Available records:
┄┄┄┄┄┄

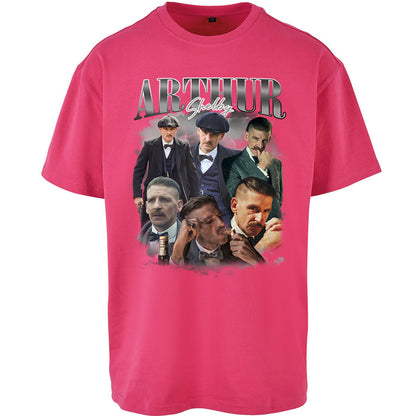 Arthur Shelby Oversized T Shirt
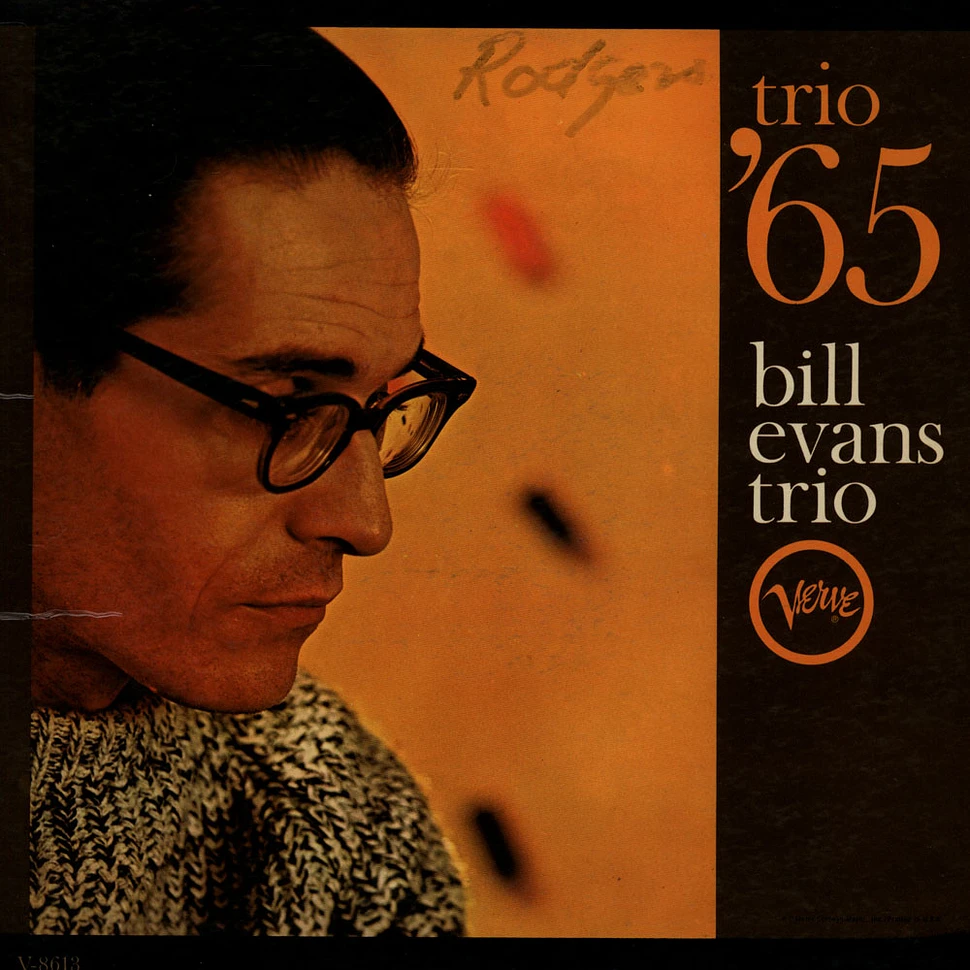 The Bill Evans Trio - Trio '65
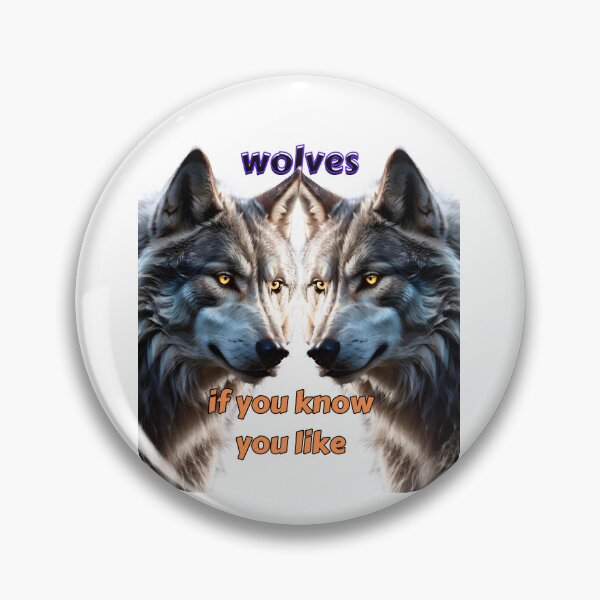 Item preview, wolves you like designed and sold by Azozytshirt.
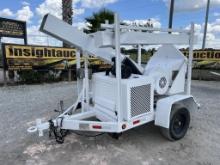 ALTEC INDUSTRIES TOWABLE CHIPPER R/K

┄┄┄┄┄┄

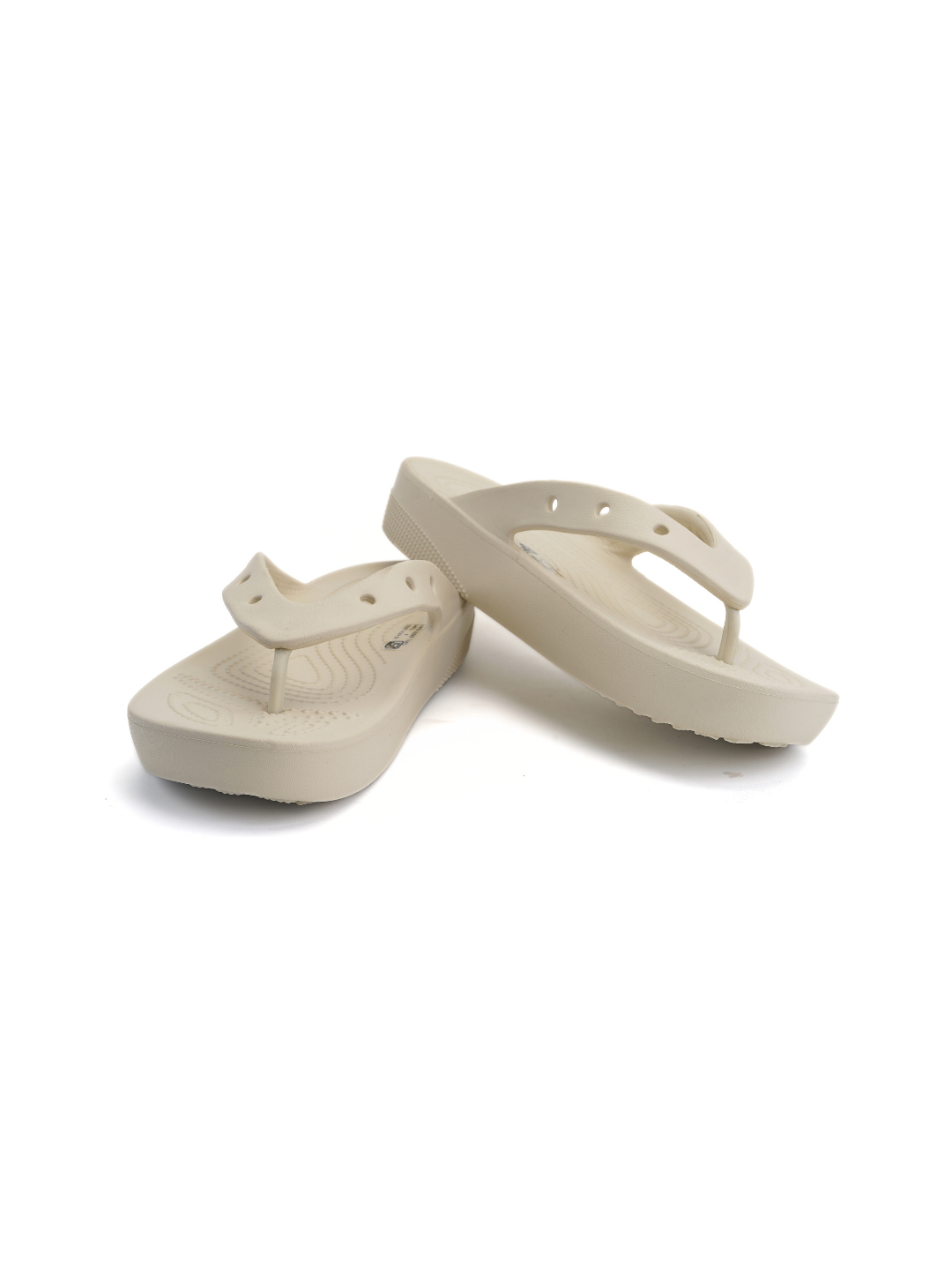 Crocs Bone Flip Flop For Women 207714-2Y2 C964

┄┄┄┄┄┄

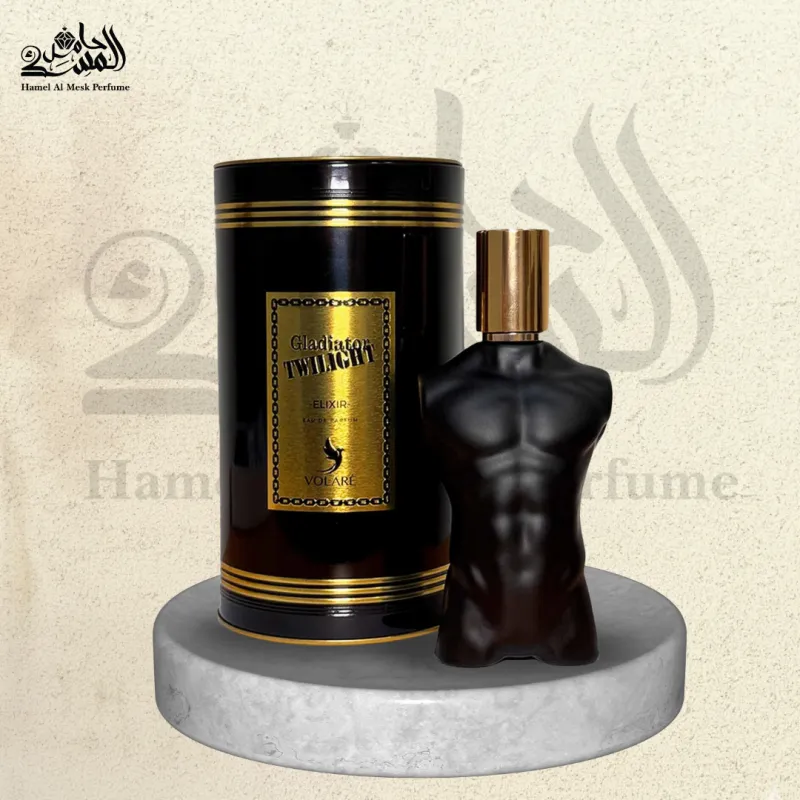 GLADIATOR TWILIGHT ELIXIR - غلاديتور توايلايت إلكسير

┄┄┄┄┄┄

Work task: Copy word for word only the lines above from the one with "Arthur Shelby Oversized T Shirt" through the one with "ALTEC INDUSTRIES TOWABLE CHIPPER R/K". Leave pictures out.

Answer to this exercise:
 Arthur Shelby Oversized T Shirt
 The Bill Evans Trio - Trio '65
 Item preview, wolves you like designed and sold by Azozytshirt.
 ALTEC INDUSTRIES TOWABLE CHIPPER R/K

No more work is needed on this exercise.